ダムの江の川への分水継続の是非についての判断で、地元の総意として更新権を持つ国が重視する。
分水先の水力発電所の存廃に関わり「継続は当然」との声が大勢を占める一方、流域では利害関係者の思惑も渦巻く。
1月末、松江市であった神戸川の河川環境に関する専門委員会(委員長・野中資博島根大生物資源科学部教授)。ダムから神戸川への放流量を増量するよう求める最終報告案が示された。
委員会は昨年8月、溝口知事が判断の材料として設けた。神戸川下流域の漁業者たちが流量減少に伴う水質悪化などを理由に分水中止を訴えたことが背景にある。
6回の会合を重ねた委員会は水質悪化を「おおむね環境基準内」と結論付け、分水の是非には触れなかった。野中委員長は「委員会の決める事項ではない」としつつも
「中電は報告を実行してほしい」
とする。実行には水利権の更新が前提となる。
中電が1956年に完成させた来島ダムはここ10年、平均87%の水を江の川に分水。残る13%を神戸川に流してきた。江の川への分水量が多いのは、セットで整備した水力発電所、潮発電所(美郷町)の操業のためだ。
【写真説明】水利権の更新時期が迫る来島ダム。溝口知事の判断が注目される
4万世帯の電力消費量を賄う潮発電所は、中電の94水力発電所の中で3番目の出力3万6千キロワットを持つ。中電は「電力供給の調整弁の役割も大きく、必要不可欠」として2月中に水利権の更新を国に申請する。
これに対し、神戸川下流域の漁業者は水質悪化に加え、漁業資源の減少も主張。

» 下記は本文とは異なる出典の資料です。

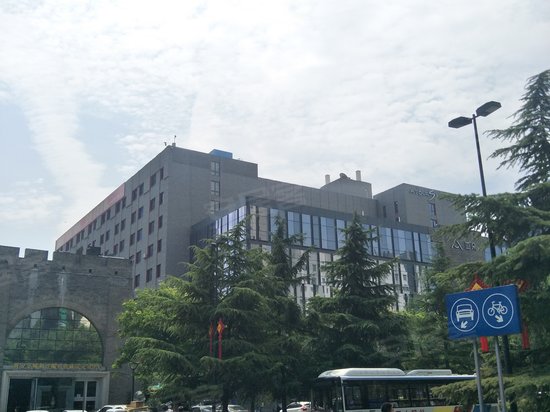 中国建设银行大厦 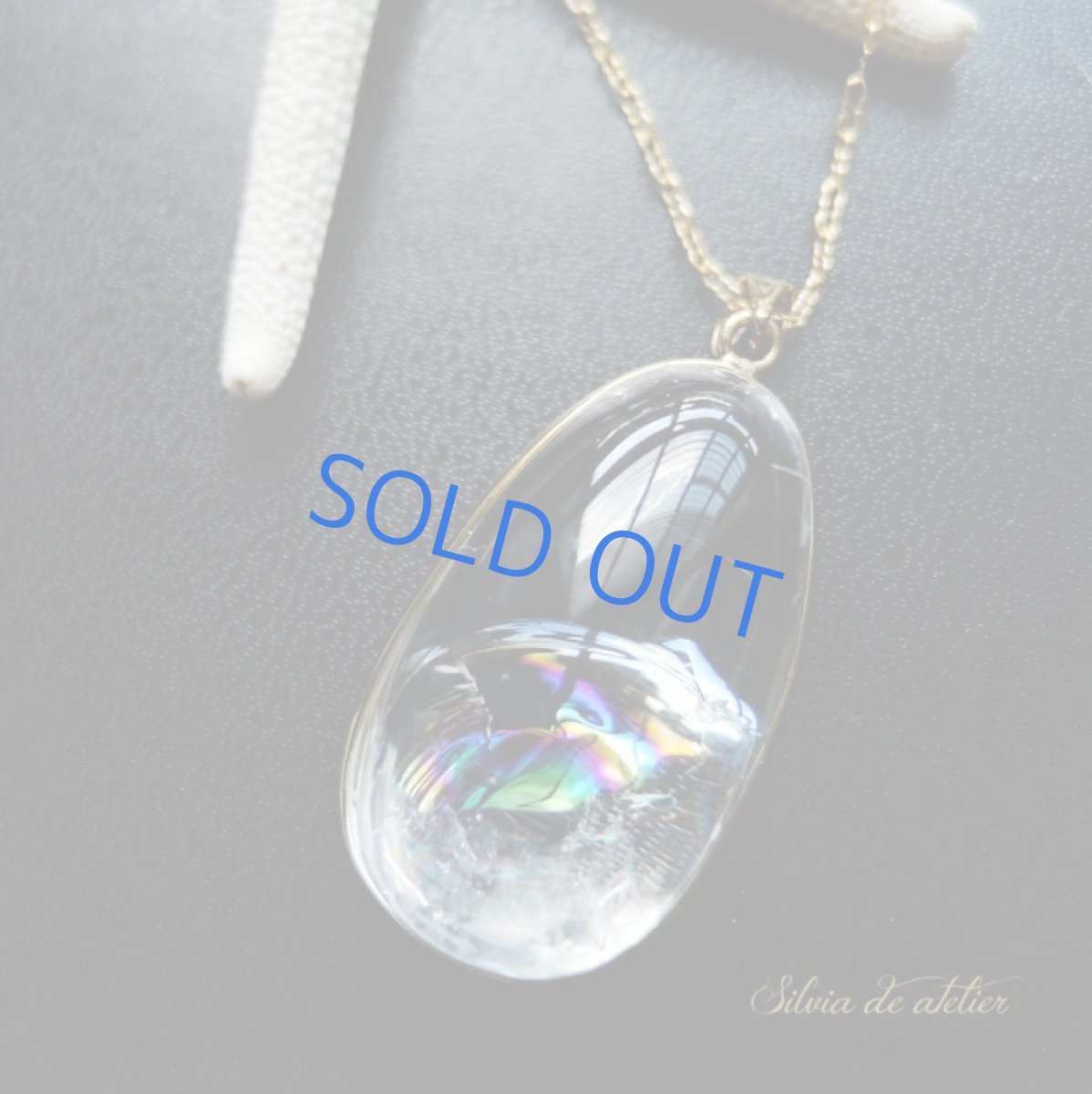 画像4: 【1点もの・B】超大粒 アイリスクォーツ(レインボークォーツ) ペンダントネックレス (4)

2002~11年のアユの平均漁獲量がダム完成前の約6分の1に減ったとし、島根県に分水中止を国に働き掛けるよう求めている。
神戸川漁協(出雲市)の片寄巌組合長は「自然に流れる水を奪い生物がすめなくなる発電所は必要ない」と強調。「潮発電所の操業より水環境が重要」と訴える。
ただ分水中止を求める反対派には、神戸川の流量増を見込み、河川整備などの公共工事受注を狙う業者の影も見え隠れする。ある出雲市議は、反対派の幹部が「(神戸川支流の)十間(じっけん)川の改修工事を期待していた」と明かす。
逆にダム上流の飯南、美郷町は年間1千万円前後の固定資産税収入などを理由に分水継続を望む。
「水質悪化の主張は唐突」(飯南町の景山登美男副町長)との声も上がる。
県議会には、溝口知事が分水継続を認める半面「反対派への補償を中電に求め、環境保護の姿勢をアピールする材料にするのでは」と見る向きもある。
溝口知事は「委員会の指摘を踏まえ、国や地元市町、中電の意見をよく聞いて対応する」としている。